In places where society has reached a certain level, the average person’s reading material, even if it is worthless, is not absolutely harmful. In the US, for example, the topics of endless interest are instructions on how to succeed, how to improve your memory, how to be a clever speaker, and laments over public misfortunes: none of these accomplishing anything more than duping a few of the more eager believers. In places where society has not reached a certain level, you don’t even want to know about what’s being read. Wickedness, theft, evil, perversion, and everything else that stimulates people’s base impulses. Anything, regardless of whether it is true or false, can be used as material. This is the extreme end of a social phenomenon we can see wherever we look in China today. Conspiracy novels flourished a few years ago, and the “new knowledge and new culture” now constantly pouring forth demonstrates that under today’s policies that promote education, day by day more people will be able to read, yet day by day the standard of our reading material will drop.

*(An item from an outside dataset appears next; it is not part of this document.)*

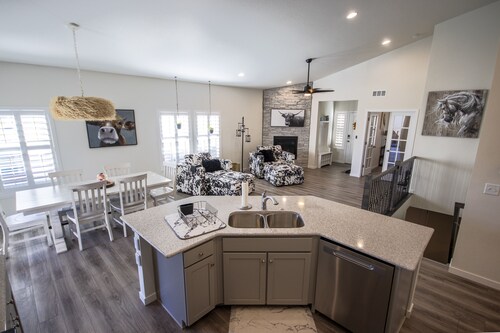 Lovely Loveland Family Retreat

Pan’s argument, or at least the parts of it that Xu most frequently quotes, boils down to: “The more literacy spreads, the further culture declines” (Xu’s formulation from an interview with BQ in 2007). It’s an argument against the use of simplified characters that I’d never read before: the increased literacy that results when characters are made easier to learn is ultimately responsible for destroying Chinese culture.

At the end of the essay, Xu writes in phrases that echo familiar ideological dogma that traditional — complicated — characters are a historical inevitability:

There’s a noted scholar of ancient Chinese at Zhongshan University who applauds simplification for the reason that Chinese characters in the age of oracle bones were very simple. But on the other hand, he also explains how from the Shang and Zhou dynasties through today, the development of Chinese characters has followed a law of increasing complexity. Using an administrative edict to simplify characters is precisely in opposition to this law.